### TASK STATEMENT
Copy all entries verbatim and keep any pictures out of the copy.

(Beginning of SUPPLIED DATA)

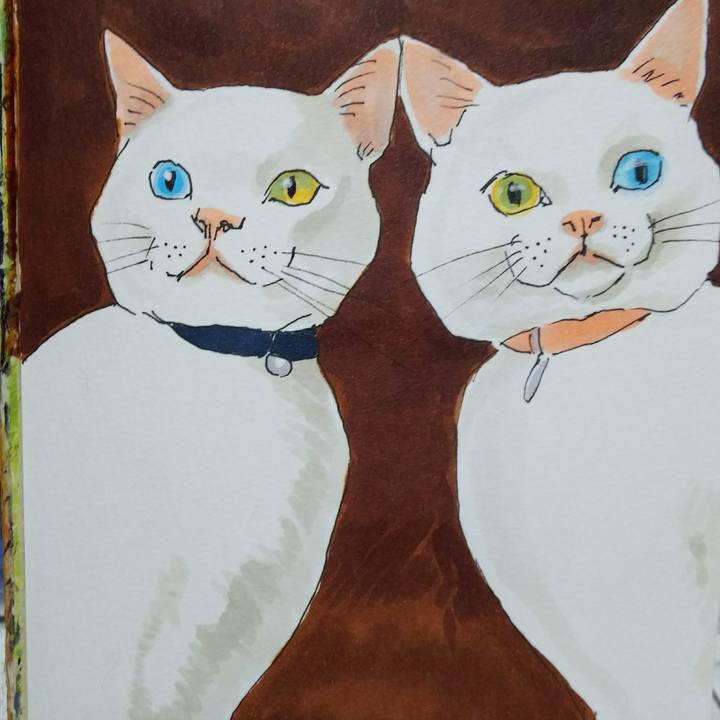 B0b47821 7a19 4b07 b72d 99ba649bcec8 1538229533538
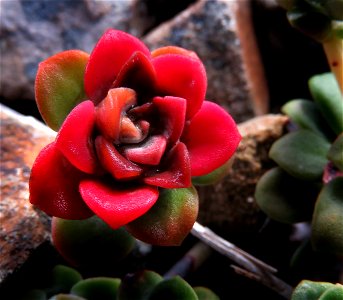 020 - POINT ST GEORGE (10-27-2021) broad-leafed stonecrop (sedum spathulithfolium) -04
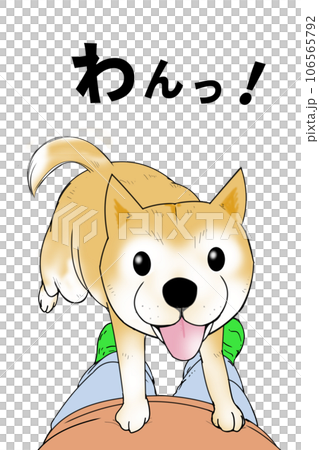 Shiba Inu dog dog! Pet walk owner Shiba Inu dog dog! Pet walk owner 106565792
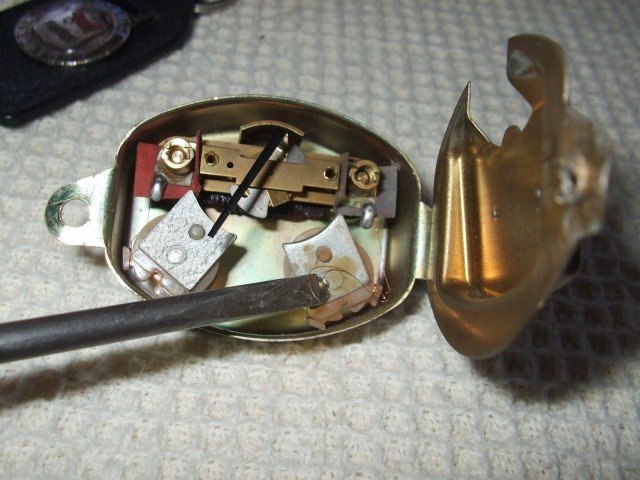 jagnut fg4.jpg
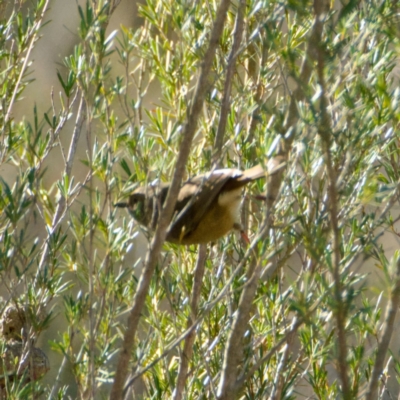 Acanthiza pusilla (Brown Thornbill) at Piney Ridge - 16 Jun 2024 by regeraghty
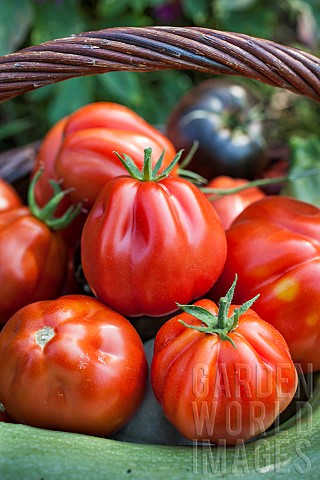 Basket_with_Borsalina_F1_tomatoes_a_hybrid_tomato_variety_of_the_Calabrian_or_Albenga_type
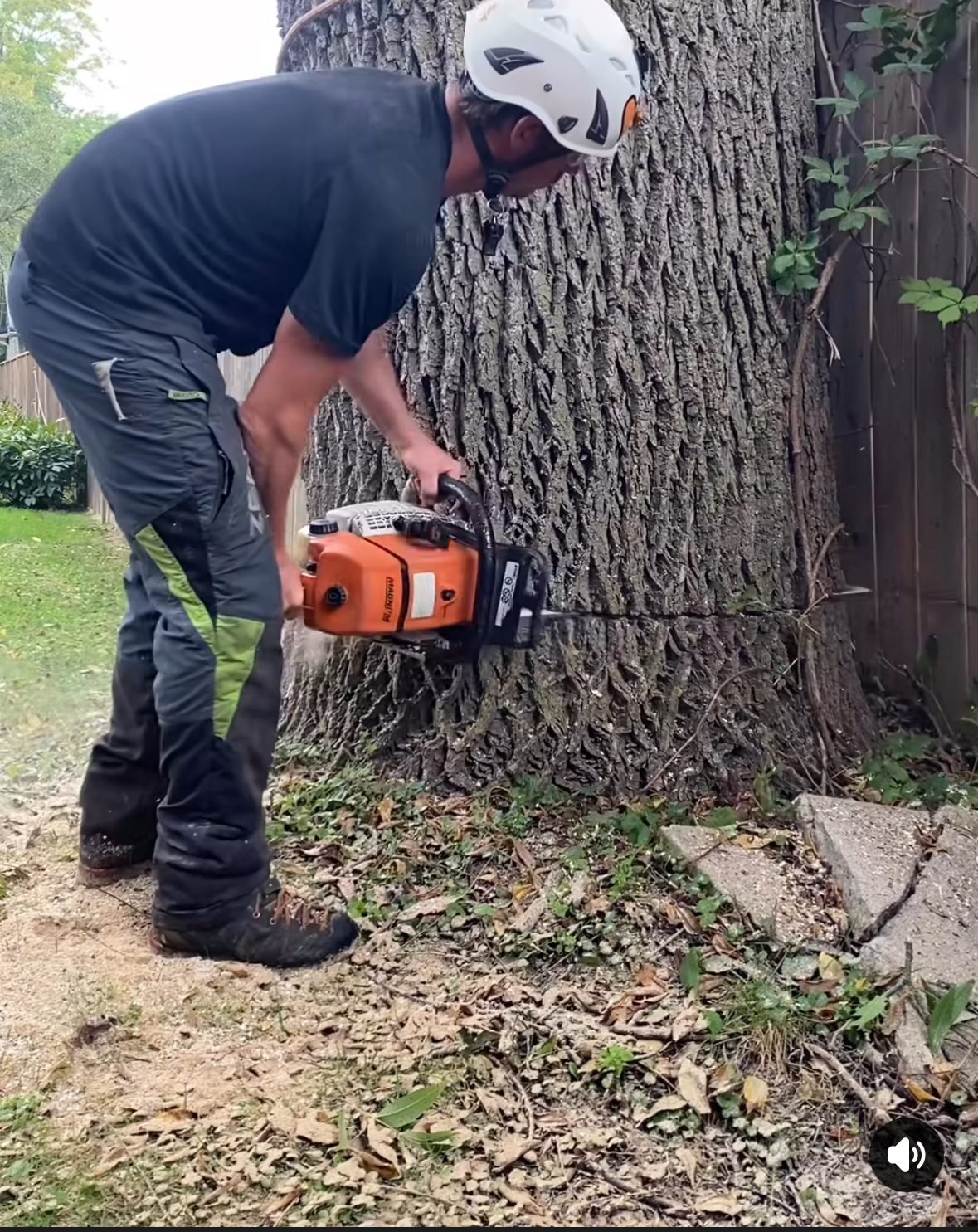 Crew member making a controlled cut at the base of a large tree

(End of SUPPLIED DATA)

### SOLUTION FOR THIS EXERCISE
 B0b47821 7a19 4b07 b72d 99ba649bcec8 1538229533538
 020 - POINT ST GEORGE (10-27-2021) broad-leafed stonecrop (sedum spathulithfolium) -04
 Shiba Inu dog dog! Pet walk owner Shiba Inu dog dog! Pet walk owner 106565792
 jagnut fg4.jpg
 Acanthiza pusilla (Brown Thornbill) at Piney Ridge - 16 Jun 2024 by regeraghty
 Basket_with_Borsalina_F1_tomatoes_a_hybrid_tomato_variety_of_the_Calabrian_or_Albenga_type
 Crew member making a controlled cut at the base of a large tree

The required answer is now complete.